Of course, circumstance set this up. The Spurs, by this time down and overplaying the Suns, for some reason wanted to go over screens against a 29-percent three-point shooter. They put their doubt in Jackson and prioritized defending the lob pass.
“It’s just being able to read the defense,” Jackson said. “I think I was able to get those floaters because LaMarcus was so worried about Deandre (Ayton) and us throwing the lob over top.”
But that first part is the key. Jackson is often quick to see an open lane and attack it full-speed, picking up his dribble just below the three-point arc and taking two too-long of steps to lift off.
At that point, there’s little time and little control to do anything but shoot. And there’s certainly no time to re-read a defender’s decision to contest or hang with the rim-roller.
Jackson adding more floaters into his game can avoid his deficiencies and play to his strengths.
It will slow him down. It will allow him to develop his relatively good playmaking abilities off simple reads.
It will keep Jackson from relying on his pull-up game that is too frequent — he takes more pullups in fewer minutes per game than gunners like Gerald Green and Mario Hezonja — or his rim-attacking abilities that continue to be a problem.
Jackson averages 4.6 drives over his 17.6 minutes a game, passes just 0.8 times of out those drives and shoots a miserable 32.4 percent on drives. He also avoids contact like the plague, taking 1.2 free throws per game and is last in free throws per shot attempts among the Suns regulars.
Take a look at his drives, and it’s apparent he doesn’t search out contact, settling for full-speed floaters that have little touch rather than heading right for the rim.
Maybe part of it is knowing he doesn’t shoot well from the free throw line (47 percent).
The floater could solve that. Yes, Jackson may not get the same coverage the Spurs showed as teams figure that out. San Antonio didn’t ICE him, making sure to send him baseline.
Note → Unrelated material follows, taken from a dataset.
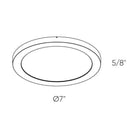 DALS - Slim Round Led Flush Mount - Lights Canada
But put him in the blender of coach Igor Kokoskov’s offense and there should at least be a few opportunities to mitigate his offensive holes that he’s yet to fill.
Jackson may not learn to shoot a jumper overnight. Teaching him how to draw contact isn’t so much a technical skill as it is a feel thing. Concerns this deep — or not — into a season about those problems and his turnovers and his defense can be warranted or not.
Giving Jackson the ball headed toward the middle of the floor and at slower speeds by pushing him toward using that floater, however, just might open up enough of his offensive game to keep him on the court as his defensive identity continues to develop more consistency.